В канун нового, 1945 года, Джон был демобилизован по инвалидности. Он отказался от пенсии, но взял 10 тысяч долларов, полагавшиеся ему как фронтовику по закону конгресса, именовавшемуся тогда «Солдатским биллем оправах». В начале года он несколько месяцев отдыхал. По наущению отца написал очерк «Попытаемся провести эксперимент – установить Мир», который не был опубликован. Мысли автора не были зрелыми, стиль далек от совершенства, но сердце было поставлено правильно: он обратился к самой волнующей проблеме – сотрудничеству с СССР. «Нам нужно самим продемонстрировать Советам свою готовность справедливо разрешать европейские проблемы, – писал Джон, – перед тем, как русские по-настоящему поверят нашим декларациям о дружбе. У русских память долгая, и многие лидеры нынешнего правительства помнят годы после первой мировой войны, когда в рядах Красной Армии они сражались против вторгнувшихся войск многих стран, включая английские и американские». Статья не пошла, хотя Джозеф приложил немалые усилия, чтобы протолкнуть ее.
В апреле 1945 года «герой с торпедного катера» Дж.
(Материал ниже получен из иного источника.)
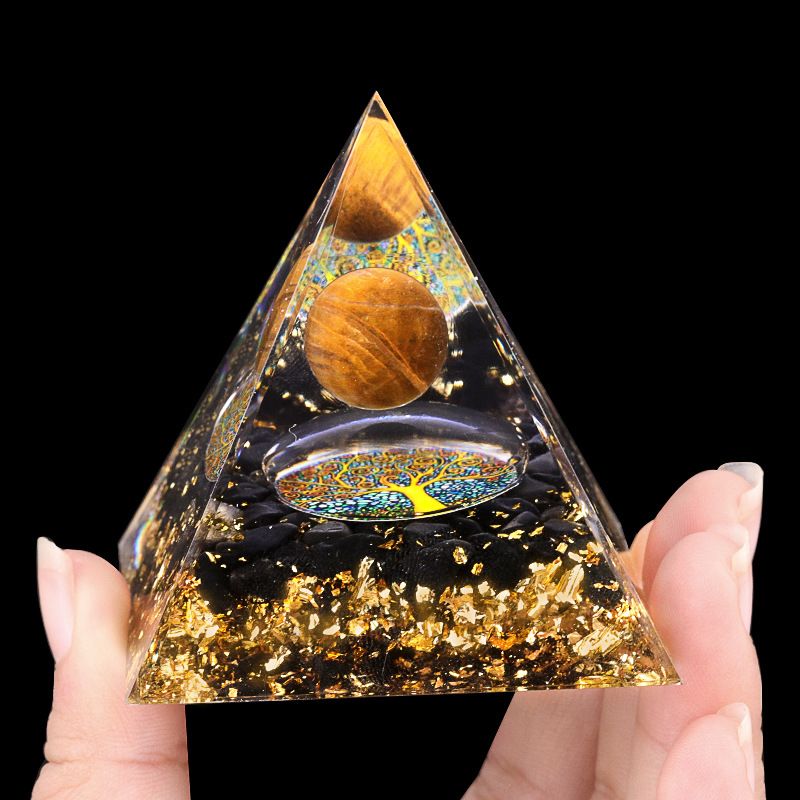 2126-Ágata de cristal 5cm de cascalho pirâmide Resina epóxi escritório doméstico enfeite de mesa artesanato
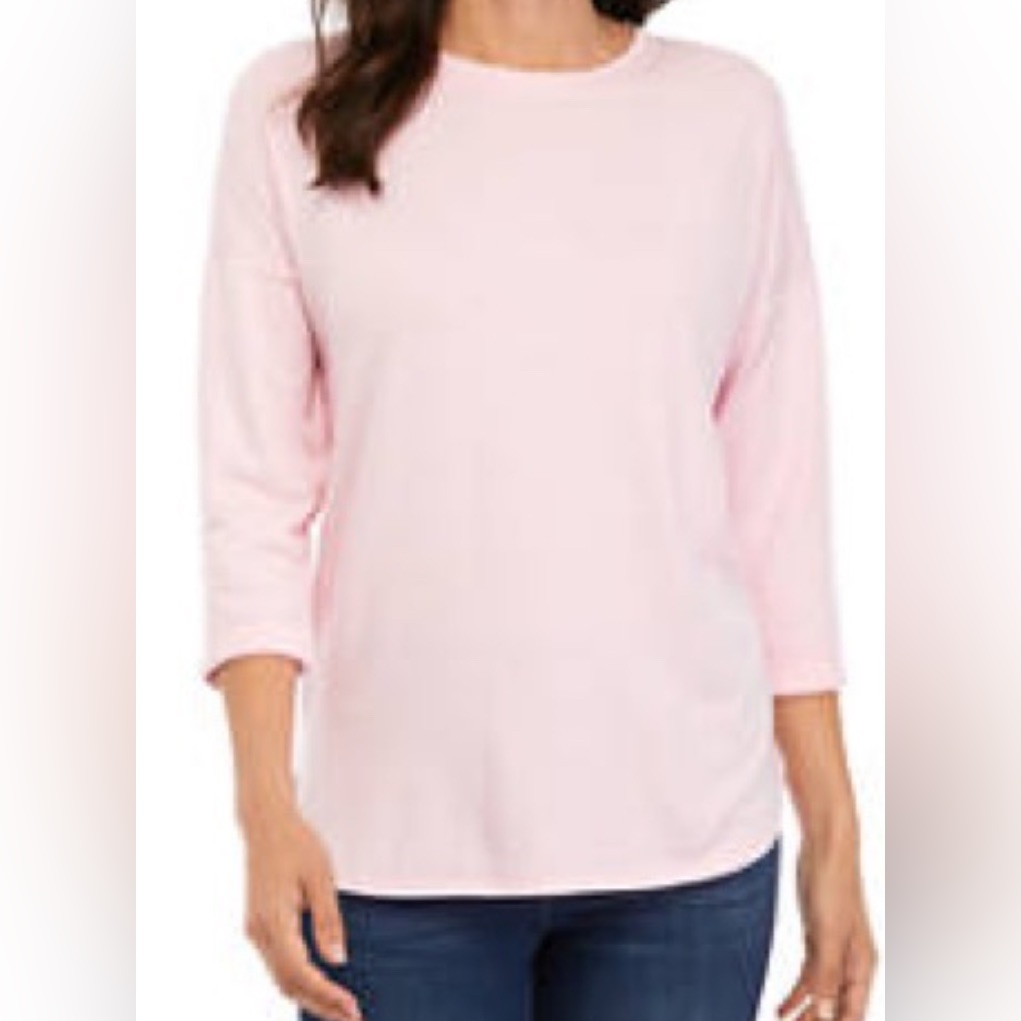 Crown & Ivy Pink Oversized Woman’s Lg Top Super Soft 3/4 Length Cuffed Sleeves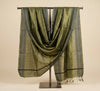 Khadi Cotton Mens Dupatta – Dusty Bottle Green with Textured Weave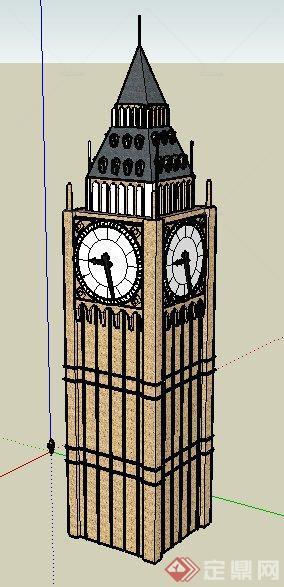 英式风格大本钟建筑设计su模型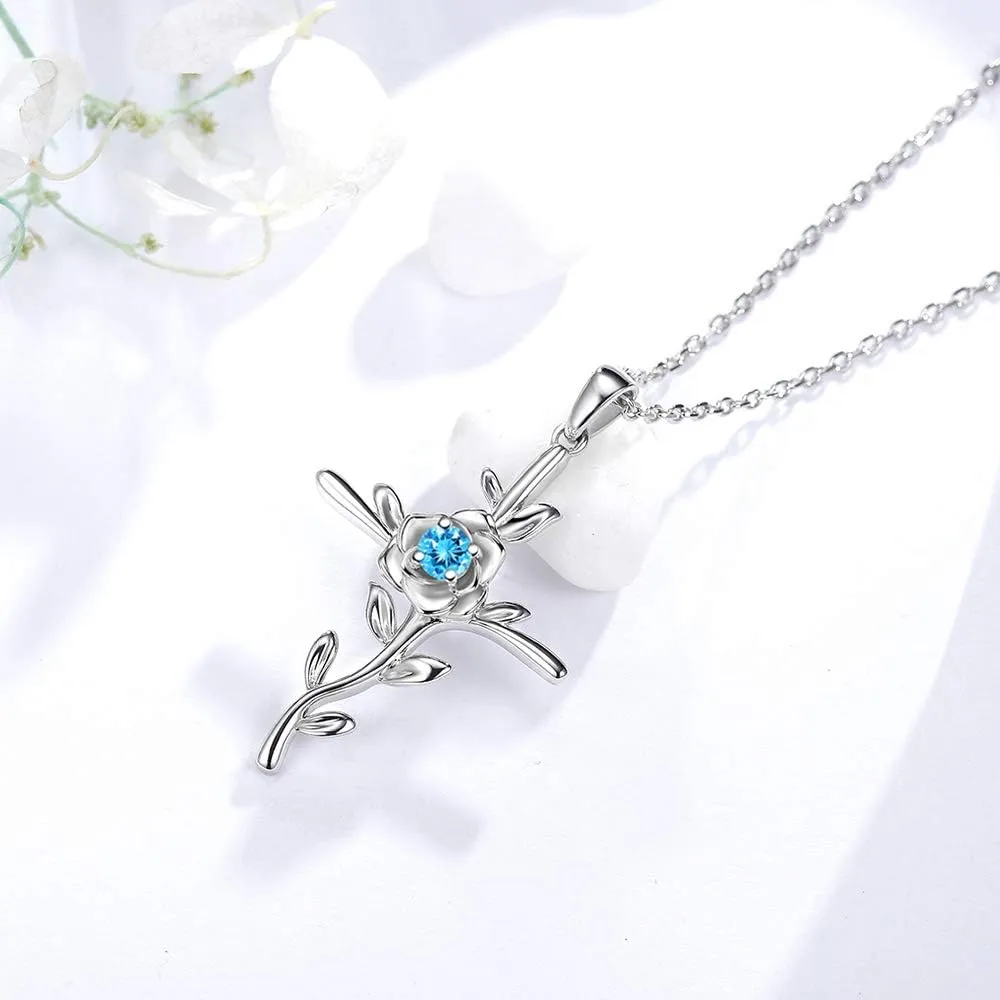 Mothers Day Birthday Gifts for Wife Mom May June July Birthstones Jewelry for Women Love Rose Hope Leaves Necklace Emerald Pearl Ruby Sapphire Necklace and More Stones 925 Sterling Silver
Кеннеди «с точки зрения солдата» стал освещать конференцию в Сан-Франциско для газетного концерна, возглавлявшегося закадычным приятелем отца – У. Хэрстом. Уже 30 апреля 1945 года в его корреспонденции встречается суждение: «Самое главное здесь – наследие 25 лет недоверия между Россией и остальным миром, которое нельзя будет преодолеть ряд лет». Размышляя по поводу первой недели жарких споров на конференции, он заметил: «Русские, быть может, простили, но не забыли. Они хорошо помнят предвоенные годы, когда Россию пускали только на задний двор. Поэтому любая организация, основанная здесь, будет лишь скелетом. Ее возможности будут ограниченными. Она будет отражать глубокие разногласия между своими членами».